Niche use cases nobody needs. That works (I will just trust you on that one) only for native. Compare S3 with S3.
Here is a real use case:
You upload 5GB in the US and download that 500k times world wide with HTTPS and then we compare the storj bill with the Cloudflare R2 bill.
That the performance is bad, we already know, just look at TrueNAS who use storj as “CDN”.
How did that work out so far?
They don’t. If you really need fast storage, you get it locally without peering.
You misunderstood, we have 60PB paid. And 60PB is nothing.
Yeah it looks that way, when you start with nothing.
See, we had this discussion in the Tesla forums back in 2016. Tesla doubled sales almost every year. So people there naturally assumed that Tesla will become the biggest brand by 2024 and overtake VW and Toyota.
So even if storj would manage to double storage every year, it would still take a few years of doubling, before the number gets impressive.
If they can survive that long. And under the assumption that a paying customer is actually a net positiv for storj.
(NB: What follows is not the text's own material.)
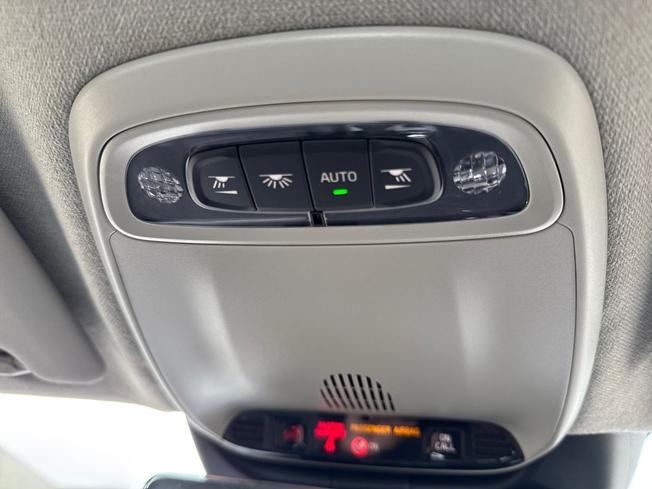 VOLVO XC40 Photo 29
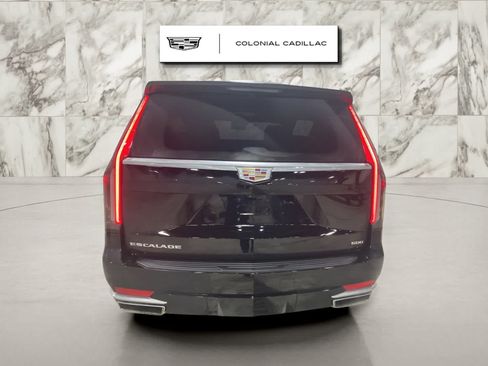 Used 2021 Cadillac Escalade Premium Luxury w/ Performance Package AWD/4WD image 4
Claim asserted without evidence can be dismissed without evidence.
Yes. To get promised performance you need to use native.
This demonstrates ignorance of the fundamentals.
It is like buying a Ferrari and then judging it by grocery runs against a Honda Civic. The Civic will win on cost, comfort, maintenance, and ordinary errands. That does not mean the Ferrari is pointless. It means you picked a use case optimized for something else.
S3 is Amazon’s protocol. If you have a pile of legacy systems, storj offers S3 gateway software, that you can host on your own systems, to start using the service, while migrating clients to native
If you are that lazy that don’t even want to host that yourself, or simply don’t care about performance – storj even hosts that gateway for you for free. Yes, performance will suck, because this centralizes the network, and you get drawbacks of both worlds, but it’s your choice.
Comparing performance of a third-rate S3 adapter with Amazon, whose entire stack is built around S3, is apples and oranges.
Now you are complaining that your Ferrari cannot haul the trailer.
If you need CDN — use CDN. There are services built for that. If your use case is tiny storage and massive egress – obviously, a plan with free egress will look amazing and a plan that charges for egress will not. How is that Storj’s fault?
Pounding screws with a microscope here and then declaring microscope is bad.
One of the use cases Storj is genuinely good at is distributed media-like workflows where large files need to become available across geographies almost immediately.
Truenas is not an authoritative example of anything anymore.
They use S3. They did not even bother to bolt native integration into their appliances as part of “partnership”. They abandoned FreeBSD and moved the whole system on linux. Nothing they do makes much sense anymore, and I would not use them as a benchmark of anything.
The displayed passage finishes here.